Behe's model – his mousetrap – was debunked by John H. McDonald in a posting [7]. McDonald demonstrated how Behe's five-part mousetrap can be gradually reduced to a four-part, three-part, two-part and finally one-part contraption, each preserving the ability to catch mice, albeit not as good as the five-part construction. Therefore, the mousetrap does not seem to be irreducibly complex, contrary to Behe's assertion.

I readily concede that demonstrating the weakness of Behe's particular example does not in itself disprove his thesis. It only shows that he happened to suggest a bad model. It may, though, presumably cast a shadow on Behe's overall image and hence potentially undermine Behe's overall idea in the eyes of those readers who have not yet made up their minds in regard to the ID theory. That is something ID creationists are not willing to accept. Therefore Dembski devoted many pages of his new book not only to defending Behe's overall concept, but also to an attempt to overturn McDonald's particular debunking of Behe's mousetrap model.

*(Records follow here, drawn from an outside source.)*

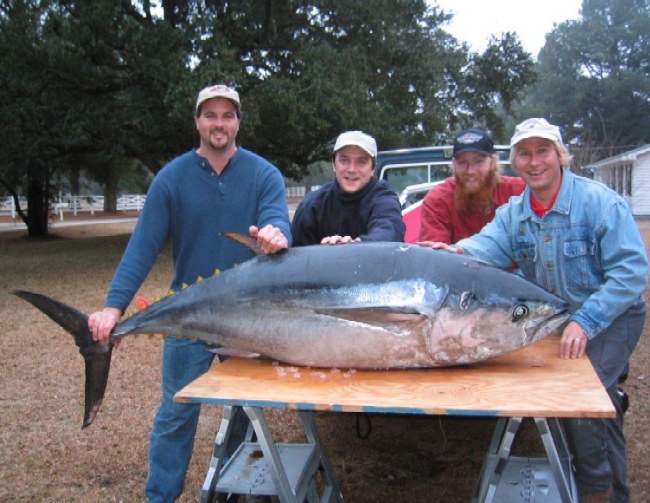 Gerald, Bob, Jim, Kurtis and 225 lb Blue Fin tuna caught off Cape Lookout NC.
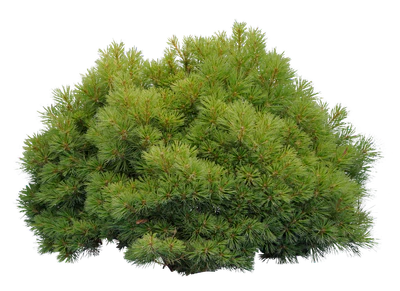 conifer 023 — Descargar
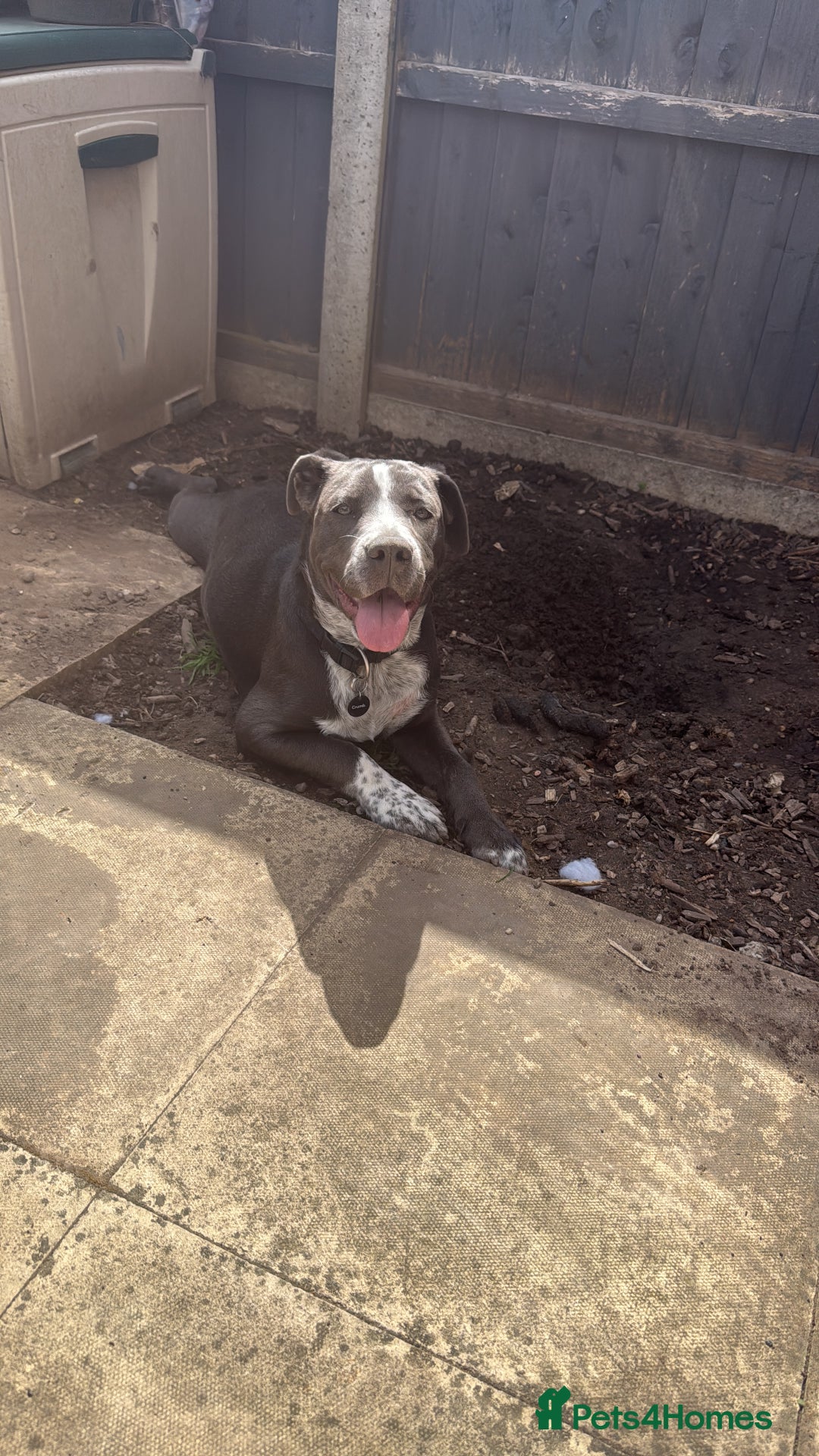 Mixed Breed dogs for sale: Bulldog x Staffie for rehoming.  - Image 13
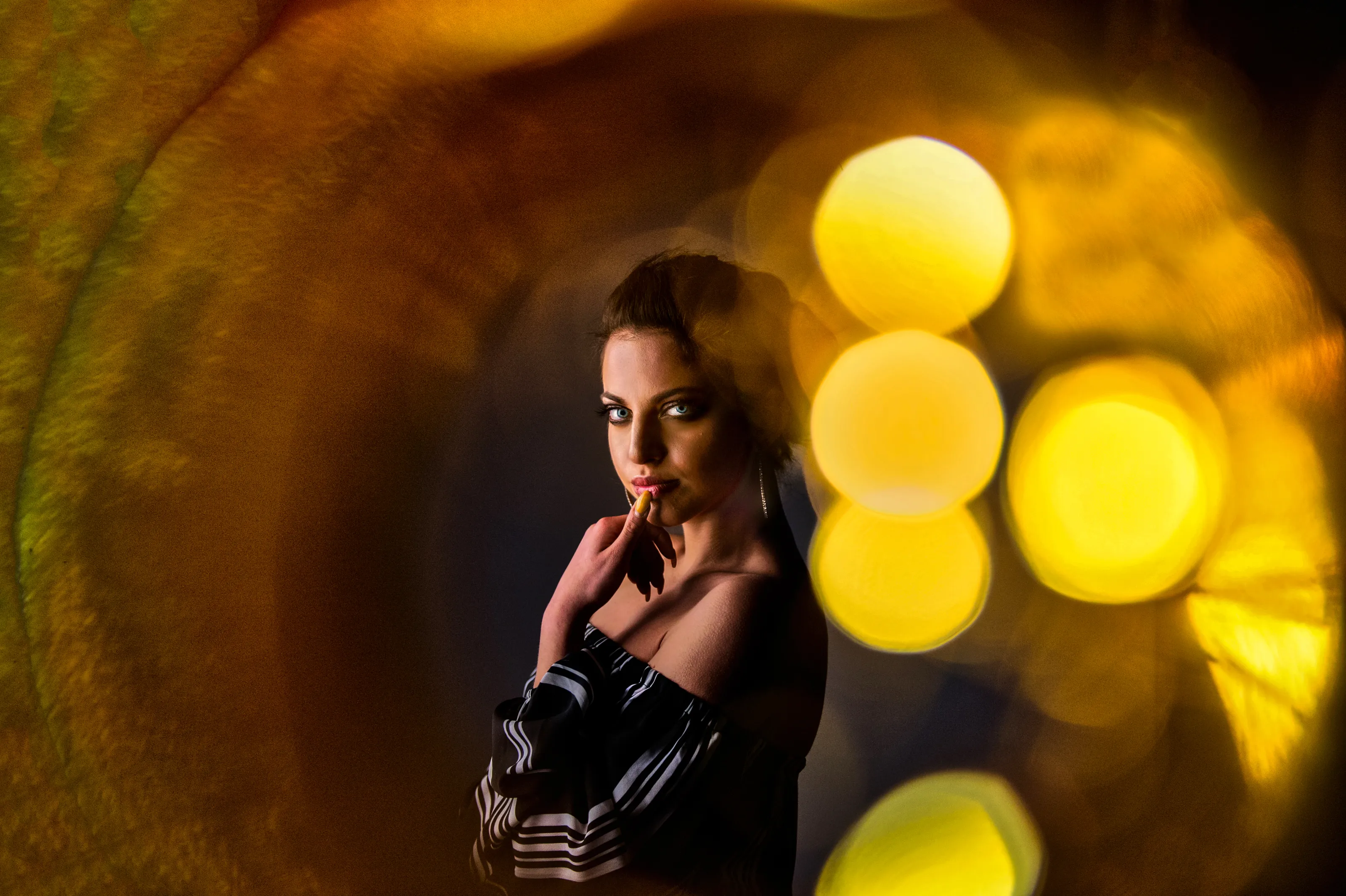 Flash/Studio lights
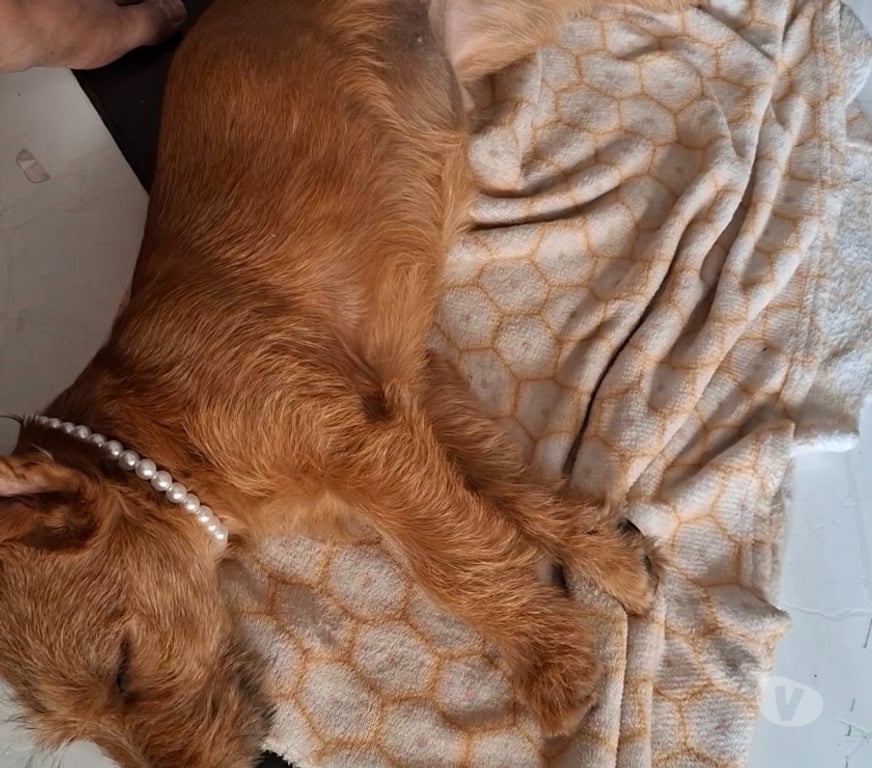 Adoção Animais de Estimação Sao Paulo SP Itaquera - Fotos para Cachorra fêmea para adoção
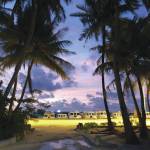 Photo by Paul Landen                                Palm trees frame a sunset sky in the Maldives in summer of 2019.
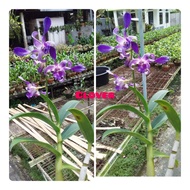 anggrek dendrobium blue spin dewasa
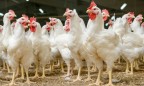 Украина запретила импорт польской продукции птицеводства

When McDonald demonstrated the inadequacy of Behe's mousetrap example, the proper behavior for Behe the scientist would have been either to offer a reasonable rejoinder or to concede that his example was not very well thought of. In the latter case he might still insist that the inadequacy of his example does not translate into the inadequacy of his entire theory and such a position, which is legitimate, could be discussed on its own terms. Behe and Dembski chose a different approach – to defend Behe's example by using casuistry. (For a partial discussion of Behe's response to McDonald, see the appendix to the article at Irreducible Contradiction ). This is one more illustration of the typical behavior of ID proponents. They seem to be not that much interested in establishing the truth as in winning the dispute at any cost, by whatever means available.

In order to see the lack of substantiation in Dembski's defense of the mousetrap model, let us quote from Behe. In his book Darwin's Black Box Behe writes: "If any of the components of the mousetrap (the base, hammer, spring, catch, or holding bar) is removed, then the trap does not function. In other words, the simple little mousetrap has no ability to trap a mouse until several separate parts are all assembled. Because the mousetrap is necessarily composed of several parts, it is irreducibly complex."

Note that Behe did not suggest any additional conditions the trap must meet to be characterized as irreducibly complex. The only feature determining, according to Behe, the irreducible complexity of the trap was that the removal of any of its parts must make the remaining set of parts incapable of catching mice, and that the trap cannot be functional until all five parts are in place.

Confronted with McDonald's spectacular counter-example, Dembski resorts to a transparently contrived argument purported to show that McDonald's example does not prove the inadequacy of Behe's model. Dembski's main argument concentrates on the particular shapes of the mousetrap parts which are slightly different in each of McDonald's simplified versions. When McDonald removes this or that part of the mousetrap, he slightly modifies the shape of the remaining parts thus preserving the trap's functionality albeit diminishing the trap's quality. It is obvious that the process can be reversed. One can start with the simplest one-part trap, then gradually add more parts, improving its ability to catch mice at every step of the procedure. In Dembski's view, the modifications of the parts' shape at each stage of McDonald's procedure makes his example irrelevant to Behe's thesis. Look again at the above quotation from Behe. He did not mention the additional condition introduced by Dembski – that the removal of the trap's parts must not be accompanied by any modification of the shape of the remaining parts. Perhaps Behe indeed had in mind the notion that in an irreducibly complex system the parts remaining after the removal of some other part must retain their initial shape. However, he did not spell out such a condition so McDonald was not constrained by it at the time he suggested his counterexample. Furthermore, and it is more important, why shouldn't the shape of parts in the "reduced" versions of the mousetrap change? McDonald's example satisfied all Behe's originally formulated conditions – it showed that, contrary to Behe's position, parts of the trap can be removed and the remaining contraption can be made to preserve functionality (albeit at a lower level of fitness). This fully debunked Behe's assertion as it has been originally formulated by Behe.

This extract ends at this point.